After the appointment, make sure you understand what the doctor recommended. If follow-up care is needed, get it scheduled. If an in-person exam is needed at some point, put it on the calendar rather than assuming it is optional just because the video visit went fine.

Be honest with your parent about whether telemedicine is working for them. If they seem confused by the technology, if they do not feel like the doctor understands what is going on, if you sense important things are being missed, bring it up. It is always appropriate to request an in-person visit. Good doctors want to see their patients in person when it actually matters.

When Your Parent Needs to Be There in Person

Trust your instinct on this. If your parent has new symptoms that need examination, in person is the right call. If they are having a medical problem and you are not sure what is going on, telemedicine is not the place to start. If they have been seeing a doctor exclusively through telemedicine and have not had an in-person visit in more than a year, schedule one. The doctor needs to actually examine your parent, and your parent needs to feel genuinely seen and evaluated.

If your parent is very sick or declining quickly, telemedicine is not sufficient. They need hands-on medical evaluation.

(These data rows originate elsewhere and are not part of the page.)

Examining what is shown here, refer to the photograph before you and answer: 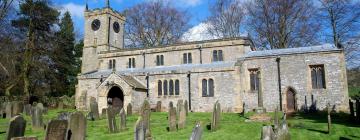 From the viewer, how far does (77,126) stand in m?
8.99

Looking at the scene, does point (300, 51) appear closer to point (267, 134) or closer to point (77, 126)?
point (267, 134)

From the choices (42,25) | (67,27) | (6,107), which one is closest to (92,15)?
(42,25)

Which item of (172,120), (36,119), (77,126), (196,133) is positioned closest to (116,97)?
(36,119)

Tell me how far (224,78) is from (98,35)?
60.3 feet

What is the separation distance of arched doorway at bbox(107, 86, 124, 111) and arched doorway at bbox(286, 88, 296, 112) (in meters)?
13.6

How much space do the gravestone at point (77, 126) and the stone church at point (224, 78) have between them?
1435 cm

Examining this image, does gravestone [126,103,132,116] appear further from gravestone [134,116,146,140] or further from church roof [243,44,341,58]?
gravestone [134,116,146,140]

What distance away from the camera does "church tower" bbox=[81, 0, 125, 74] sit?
36500mm

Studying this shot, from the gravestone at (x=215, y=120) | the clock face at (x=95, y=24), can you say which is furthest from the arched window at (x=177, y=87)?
the clock face at (x=95, y=24)

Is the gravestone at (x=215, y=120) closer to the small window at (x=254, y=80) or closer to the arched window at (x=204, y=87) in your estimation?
the small window at (x=254, y=80)

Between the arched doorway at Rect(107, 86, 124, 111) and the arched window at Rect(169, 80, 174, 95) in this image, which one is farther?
the arched doorway at Rect(107, 86, 124, 111)

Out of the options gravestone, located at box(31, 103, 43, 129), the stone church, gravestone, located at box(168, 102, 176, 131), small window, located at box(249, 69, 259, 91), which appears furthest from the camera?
small window, located at box(249, 69, 259, 91)

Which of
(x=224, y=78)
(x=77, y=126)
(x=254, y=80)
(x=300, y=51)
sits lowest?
(x=77, y=126)

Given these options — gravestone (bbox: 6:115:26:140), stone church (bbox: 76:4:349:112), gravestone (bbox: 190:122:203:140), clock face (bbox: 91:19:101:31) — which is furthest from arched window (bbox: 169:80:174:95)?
gravestone (bbox: 190:122:203:140) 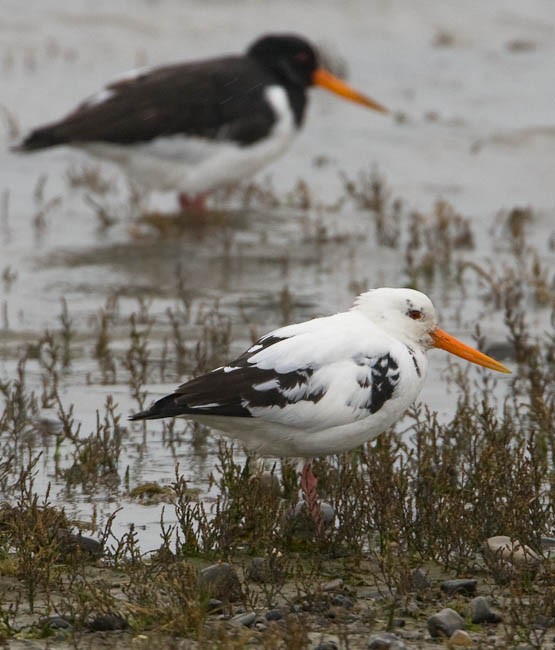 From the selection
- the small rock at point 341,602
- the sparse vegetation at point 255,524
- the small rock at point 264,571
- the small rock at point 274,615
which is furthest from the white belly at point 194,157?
the small rock at point 274,615

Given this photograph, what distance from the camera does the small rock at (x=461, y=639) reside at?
170 inches

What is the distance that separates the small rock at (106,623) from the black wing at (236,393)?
3.01 feet

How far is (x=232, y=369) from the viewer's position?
17.5 ft

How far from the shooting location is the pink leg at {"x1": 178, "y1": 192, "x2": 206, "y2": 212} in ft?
38.0

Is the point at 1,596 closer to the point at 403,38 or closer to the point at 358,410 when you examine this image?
the point at 358,410

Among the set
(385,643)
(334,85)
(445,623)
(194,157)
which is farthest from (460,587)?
(334,85)

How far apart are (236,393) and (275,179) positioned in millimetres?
8315

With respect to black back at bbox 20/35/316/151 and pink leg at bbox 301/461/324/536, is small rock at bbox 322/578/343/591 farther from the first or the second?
black back at bbox 20/35/316/151

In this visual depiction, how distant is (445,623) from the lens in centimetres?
440

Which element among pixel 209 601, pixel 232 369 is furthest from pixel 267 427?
pixel 209 601

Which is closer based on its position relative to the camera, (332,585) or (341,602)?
(341,602)

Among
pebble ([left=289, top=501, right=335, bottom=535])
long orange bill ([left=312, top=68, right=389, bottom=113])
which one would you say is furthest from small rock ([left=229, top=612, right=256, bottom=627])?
long orange bill ([left=312, top=68, right=389, bottom=113])

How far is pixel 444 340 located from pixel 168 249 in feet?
17.6

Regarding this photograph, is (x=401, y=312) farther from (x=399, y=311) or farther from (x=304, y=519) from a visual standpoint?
(x=304, y=519) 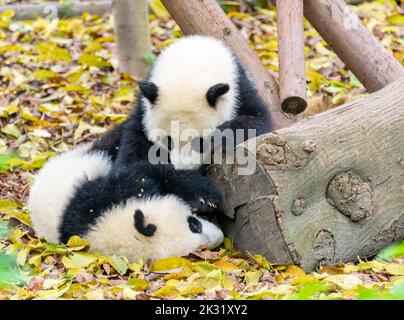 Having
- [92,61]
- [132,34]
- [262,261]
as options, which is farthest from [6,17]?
[262,261]

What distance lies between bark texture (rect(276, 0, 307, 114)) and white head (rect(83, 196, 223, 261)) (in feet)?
3.93

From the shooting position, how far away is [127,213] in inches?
182

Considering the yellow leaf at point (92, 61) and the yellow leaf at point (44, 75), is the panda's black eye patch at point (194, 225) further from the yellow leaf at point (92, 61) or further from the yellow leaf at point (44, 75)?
the yellow leaf at point (92, 61)

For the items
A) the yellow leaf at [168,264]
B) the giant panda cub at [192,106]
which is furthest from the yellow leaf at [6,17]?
the yellow leaf at [168,264]

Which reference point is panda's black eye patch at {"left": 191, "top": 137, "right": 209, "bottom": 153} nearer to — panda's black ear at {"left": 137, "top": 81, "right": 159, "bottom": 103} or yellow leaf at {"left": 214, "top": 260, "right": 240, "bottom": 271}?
panda's black ear at {"left": 137, "top": 81, "right": 159, "bottom": 103}

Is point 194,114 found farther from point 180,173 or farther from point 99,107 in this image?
point 99,107

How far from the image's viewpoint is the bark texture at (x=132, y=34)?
7.32m

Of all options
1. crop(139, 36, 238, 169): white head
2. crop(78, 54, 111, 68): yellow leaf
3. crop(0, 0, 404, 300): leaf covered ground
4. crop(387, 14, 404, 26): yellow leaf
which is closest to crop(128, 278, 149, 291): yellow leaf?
crop(0, 0, 404, 300): leaf covered ground

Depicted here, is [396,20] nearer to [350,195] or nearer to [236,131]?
[236,131]

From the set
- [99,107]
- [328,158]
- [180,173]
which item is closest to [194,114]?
[180,173]

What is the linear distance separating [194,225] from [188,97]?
2.64 feet

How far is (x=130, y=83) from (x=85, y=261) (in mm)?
3407

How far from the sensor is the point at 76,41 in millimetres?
8508

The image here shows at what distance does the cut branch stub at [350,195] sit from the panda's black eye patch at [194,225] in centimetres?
84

If your parent is anxious about a diagnosis or worried about their health, the human connection of being in the same room with a doctor who can look at them and who they can look at can be genuinely therapeutic in a way a screen cannot replicate.

Telemedicine is a tool. It works for some things and some people. It is not universally better or worse than in-person care. The right approach is using each when it makes sense for your parent's specific situation, and not defaulting to video just because it is easier for the schedule.

Frequently Asked Questions

Does Medicare cover telemedicine appointments?
Yes. CMS has extended Medicare coverage for a broad range of telehealth services. Medicare pays for telemedicine visits at the same rate as in-person visits for covered services. Coverage includes follow-up appointments, mental health visits, chronic care management, and many specialist consultations. Check with your parent's specific plan for any limitations.

What technology does my parent need for a telemedicine visit?
A device with a camera and microphone (smartphone, tablet, or computer), a reliable internet connection, and the specific app or platform the doctor's office uses. Most platforms work on standard devices without special equipment. A practice run before the first appointment prevents most technical problems.

Can I join my parent's telemedicine appointment?
Yes, with your parent's permission. Many providers welcome family participation, especially if the patient has cognitive impairment or difficulty managing the technology. You can sit with your parent during the visit or join from your own device if the platform supports it. Ask the doctor's office about their policy.

What if my parent has dementia? Should they still do telemedicine?
It depends on the stage. For people with mild cognitive impairment, telemedicine with family assistance can work well. For moderate to advanced dementia, in-person visits are generally better because the doctor needs to observe the patient directly and the patient may not be able to engage with a screen. Discuss with the provider which format serves your parent best.

How do I know if a specific appointment should be in person versus telemedicine?
Ask the doctor's office. If the visit involves a physical exam, new or worsening symptoms, or a procedure, it should be in person. If the visit is a routine check-in, medication review, or results discussion, telemedicine is usually fine. When in doubt, request in person. It is never wrong to be seen.

What if my parent does not have internet access or a suitable device?
Some telehealth visits can be done by phone (audio only) rather than video. CMS allows audio-only telehealth for certain services. Your local Area Agency on Aging or library may offer technology assistance programs. Some healthcare systems lend tablets to patients who need them for telehealth visits.